#ubuntu-in 2016-11-21
<hannibalstal> hello everyone
<Kilos> hi hannibalstal
<hannibalstal> this is channel for indian ubuntu users :D
<hannibalstal> hello kilos
<hannibalstal> wassup?
<Kilos> not much and there
<hannibalstal> same working on how to get registerd on irc :D
<hannibalstal> new here on irc
<hannibalstal> you from india?
<Kilos> aha
<Kilos> no im from south africa
<hannibalstal> yup
<hannibalstal> ok
<Kilos> type in
<hannibalstal> in
<hannibalstal> means i dont get it ?
<hannibalstal> what you mean?
<Kilos>    /msg nickserv register nick email address
<Kilos> im slow sorry
<Kilos> wbb
<hannibalstal> its ok bro np
<hannibalstal> ok so if i want to join channel like on ubuntu free node afterregistering is it possible?

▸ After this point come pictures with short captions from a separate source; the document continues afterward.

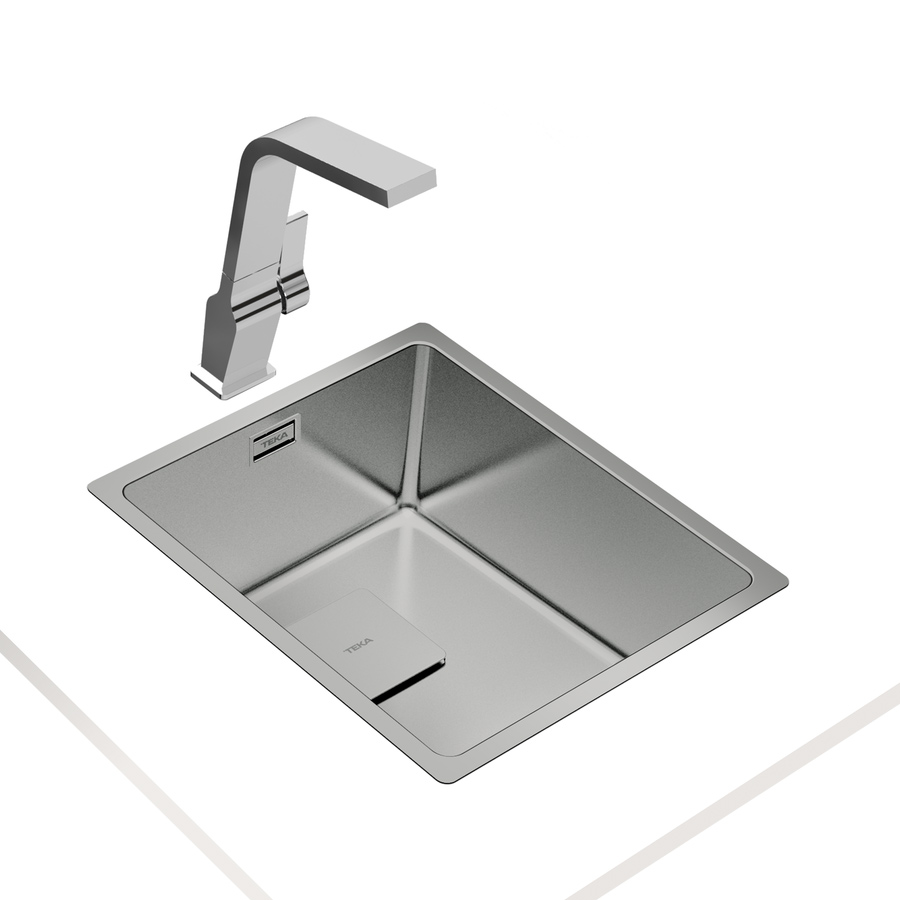 Кухонна мийка Teka FLEXLINEA RS15 34.40 (115000015) нержавіюча сталь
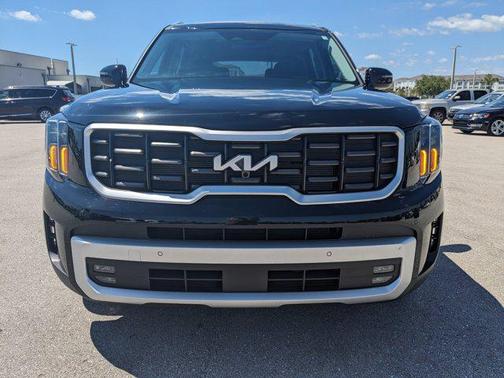 2024 Kia Telluride SX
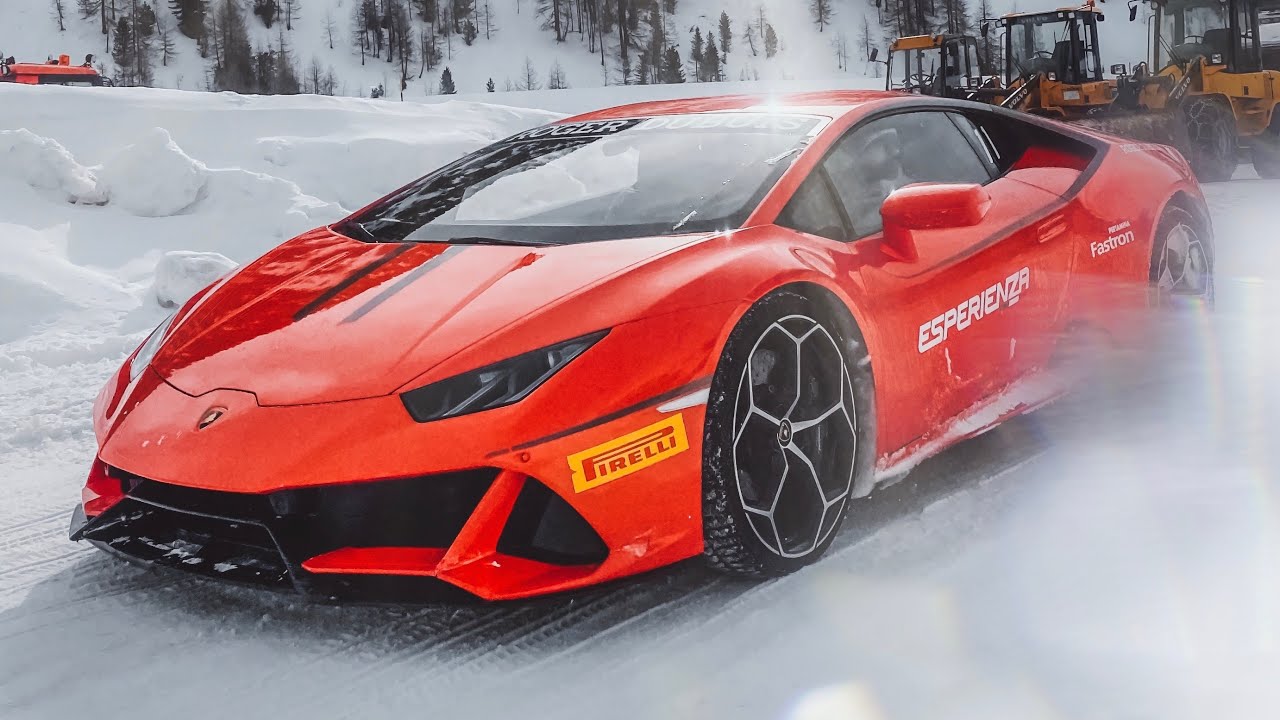 ПОД ПРЕСС 20 LAMBO на 400 МЛН?! 700 000 за 2 дня на URUS и HURACAN EVO. Школа LAMBORGHINI. Тест.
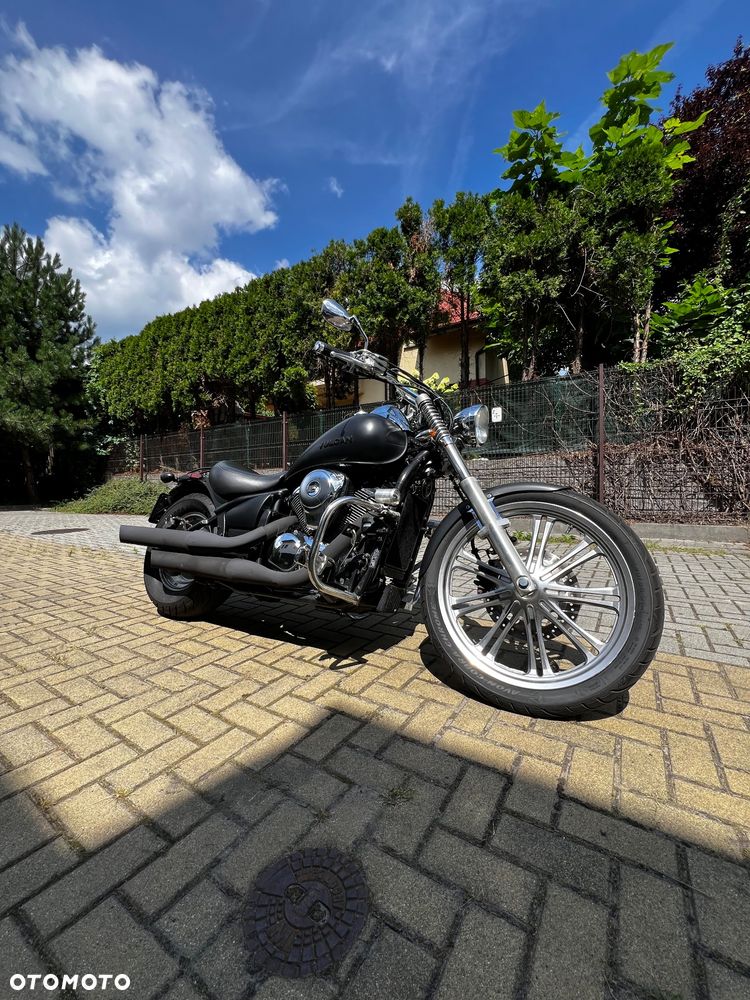 Kawasaki Vulcan - 2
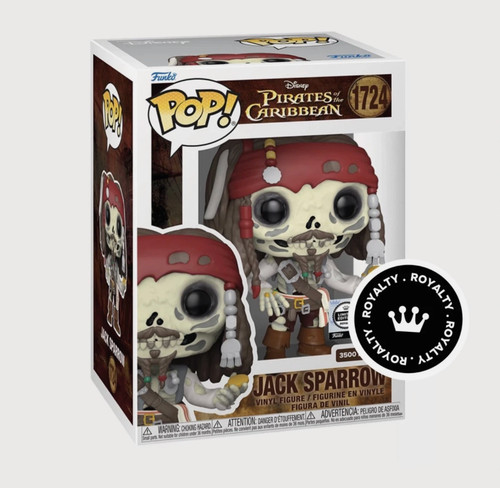 Funko pop pirates - funko, the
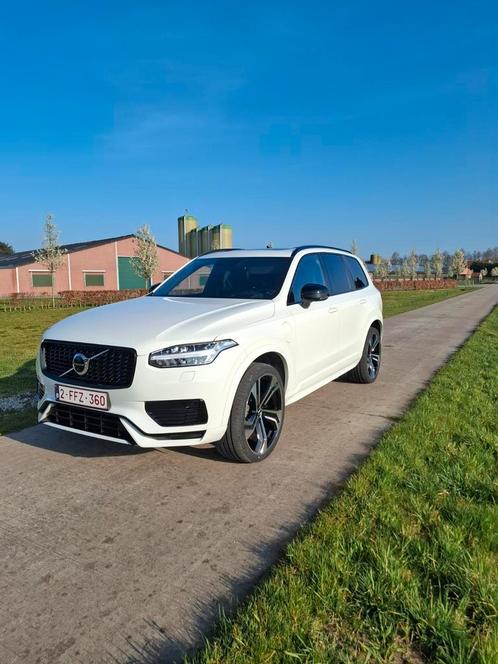 Volvo XC90 2.0 Hybride T8 Recharge in zeer goede staat., Auto's, Volvo, Particulier, XC90, 360° camera, 4x4, ABS, Achteruitrijcamera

<hannibalstal> i mean by regestering on freenode can i join any channel on irc
<Kilos> yes
<Kilos> you can join many channels
<Kilos> registering mainly keeps your nickname safe from being stolen
<Kilos> to join other channels automatically you set it up in your irc client
<Kilos> or you can just type in here /join #channel name
<Kilos> you can type in /nickserv help for some ideas on commands
#ubuntu-in 2018-11-22
<rajrajraj> can someone help me with ubuntu grub
#ubuntu-in 2018-11-25
<roij> How do I create a conf file for apt-sortpkgs such that it lists fieds in user defined order?
<roij> How do I create a conf file for apt-sortpkgs such that it lists fieds in user defined order?
#ubuntu-in 2019-11-22
<codi> hi
<codi> my drive not able to open
<codi> what to do?
<codi> please help someone linux guru here
<codi> pd09041999[m], pavlushka lubotu2 Hobbes`
<pavlushka> codi: yeah, lubotu2 can help you
<pavlushka> codi: join #ubuntu and ask the same question
<codi> whats this channel for?